COLLECTED MATERIAL »
-=-=-=-=-
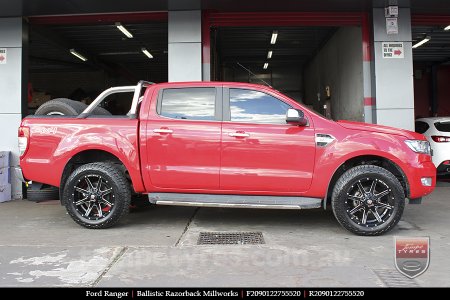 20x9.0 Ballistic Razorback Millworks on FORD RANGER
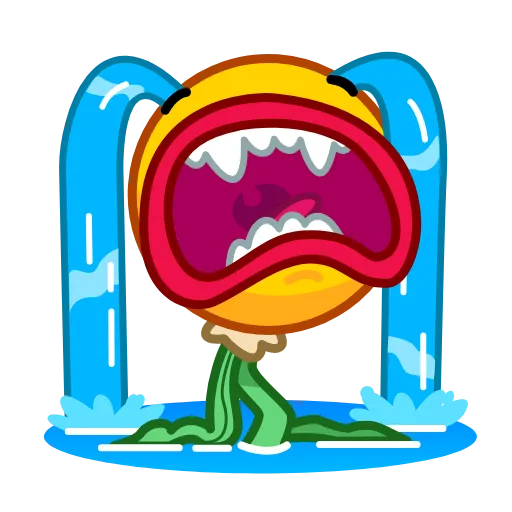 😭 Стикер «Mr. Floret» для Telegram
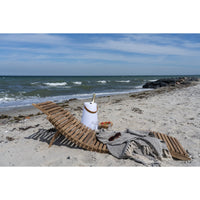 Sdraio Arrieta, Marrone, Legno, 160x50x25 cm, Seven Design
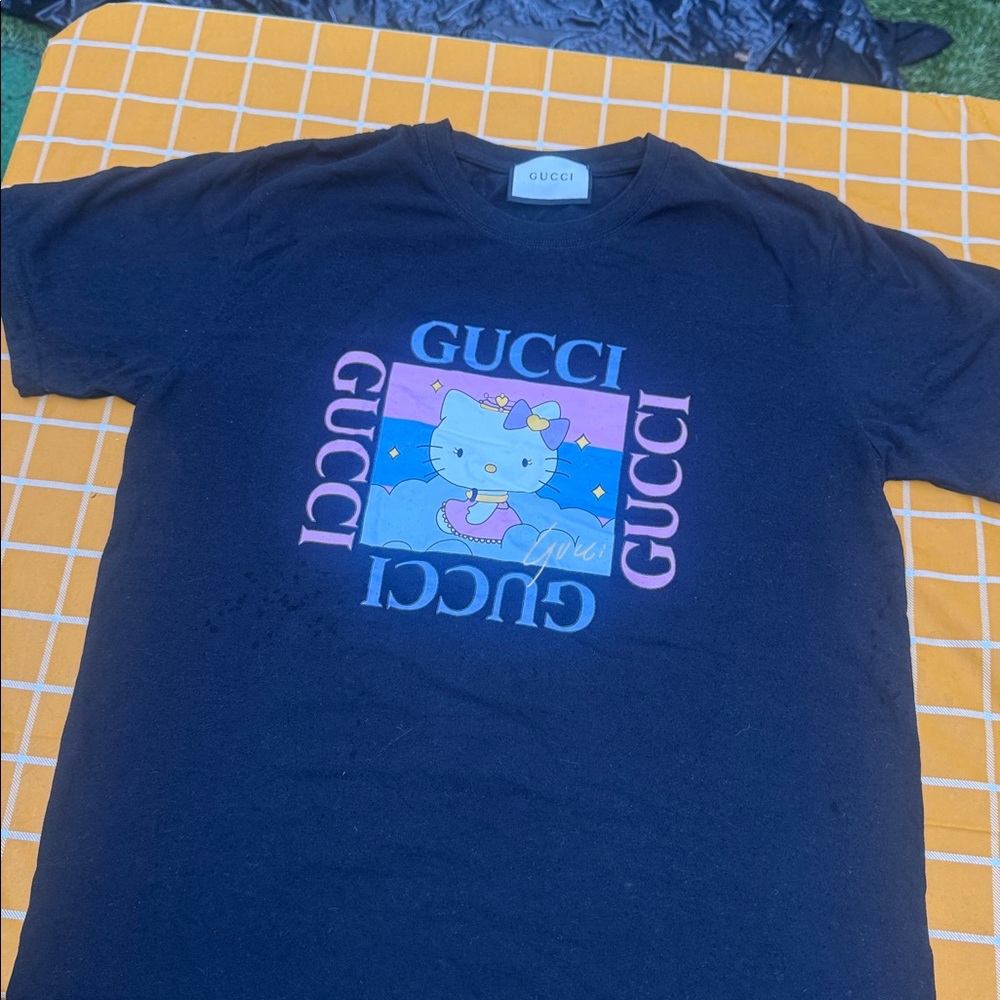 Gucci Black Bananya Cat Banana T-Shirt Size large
-=-=-=-=-
DIRECTIONS » Repeat the whole listing above word for word, but keep any picture out of it.

TASK SOLUTION »
 20x9.0 Ballistic Razorback Millworks on FORD RANGER
 😭 Стикер «Mr. Floret» для Telegram
 Sdraio Arrieta, Marrone, Legno, 160x50x25 cm, Seven Design
 Gucci Black Bananya Cat Banana T-Shirt Size large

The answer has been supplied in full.